Seniors rely on their workplace to cover a chunk of health, life and disability insurance, so a lot of times leaving the workforce is simply not an option.

Financial advisors typically say you should have 8 times your starting salary by the time you turn 60, so keep that figure in mind when you’re planning out your retirement. 


If you find yourself in the same situation, here are a few things to keep in mind:

1. Always keep an eye on your money. Don’t just look at your saving accounts every once in a while. You should stay on top of any investments and profit-sharing plans, not to mention employee stock ownership plans from your office. 

You should always be aware of every last dollar, including any benefits you’re entitled to. That’s why it’s crucial that you’re aware of your full retirement age, calculated based on your birth year.
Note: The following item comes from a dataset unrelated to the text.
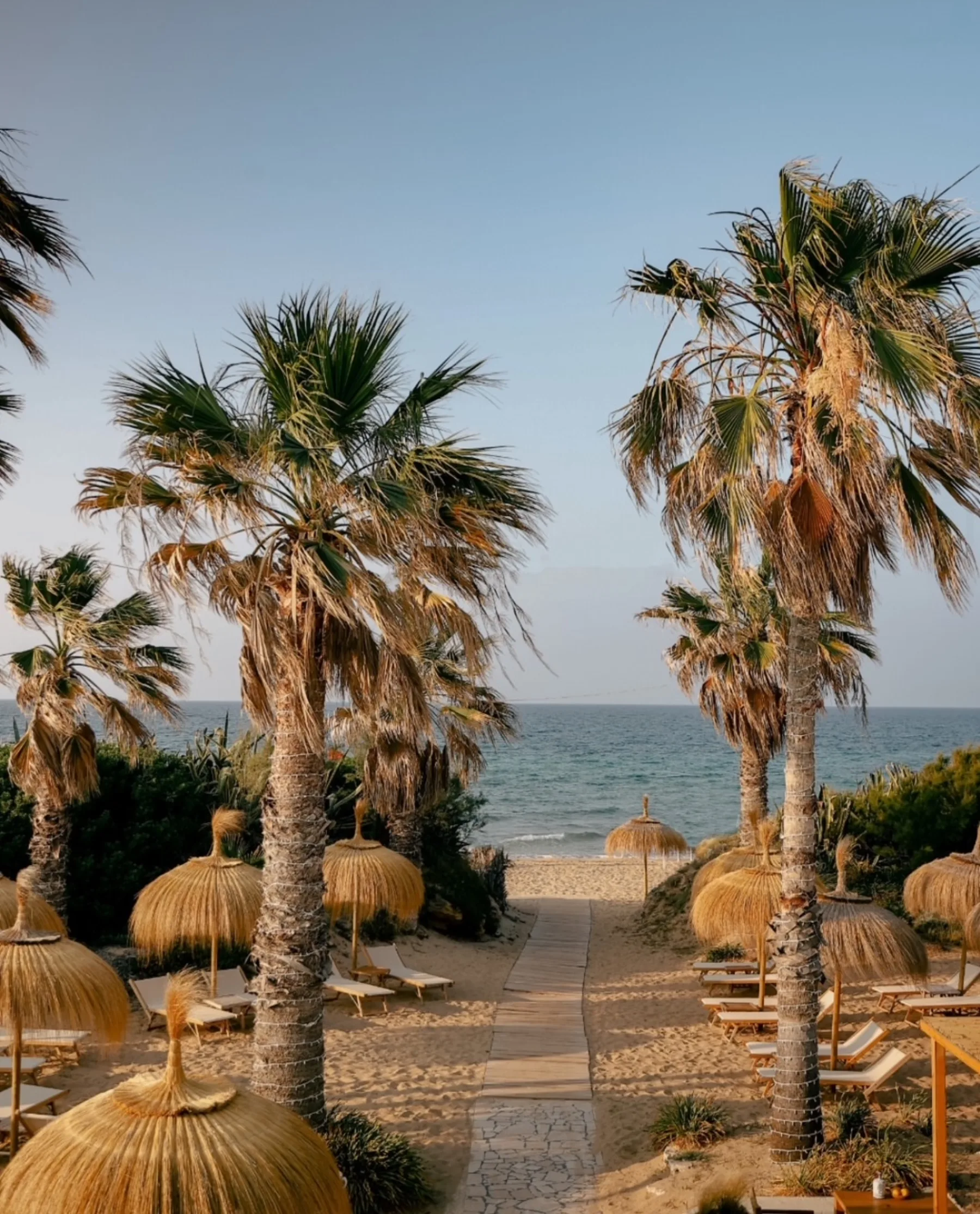 Palm-lined path to the beach club at Masseria Calderisi, thatched parasols above the Adriatic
So don’t take just anyone’s words on when that is and look it up for your own as some people might experience it sooner or later even if they’re close in age.
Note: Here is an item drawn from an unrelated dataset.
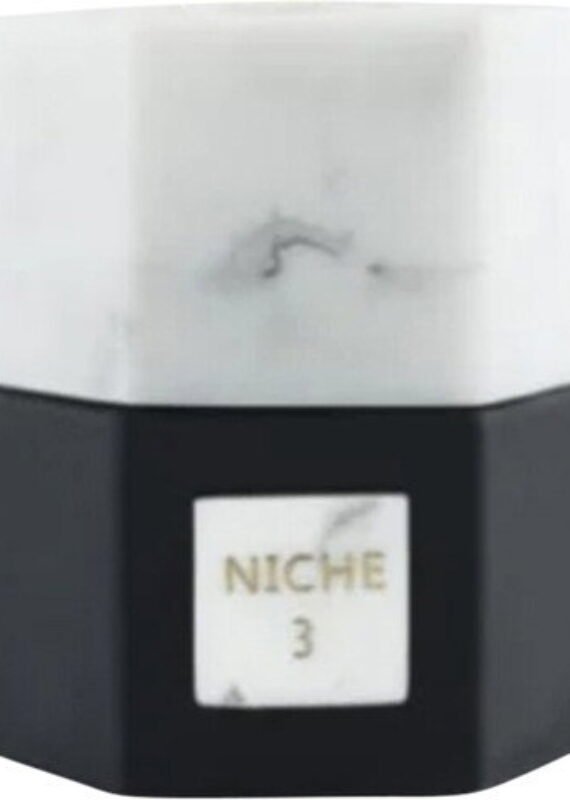 Niche 3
2. Stay on top of your required minimum distributions. You could face as much as a 50% penalty if you forget about your RMDs when it comes to 401(k) and individual retirement accounts. So, no matter the amount you avoid withdrawing will see a 50% cut unless you’re still working. 

There are some confusing exceptions, though. You must still withdraw if you own 5% or more of the company, for example. As far as IRAs go, you also have to withdraw whether you’re still working or not. 

So don’t lose sight of what you can or can’t avoid depending on your personal financial situation.

3. Planning for retirement is more than the numbers in your account. Everyone’s retirement is different, there’s no doubt about that. Sometimes it seems natural to just go with the flow and take hints from everyone else around you, but if you want to be fully prepared, consider speaking to a financial advisor.

They can help you look at your situation from the outside while giving insight on what you should expect and what you shouldn’t worry about. Some retirees can become so stressed about their monetary situation that they forget about certain benefits, requirements and even their inheritance plans. 

An outside opinion could help put you at ease.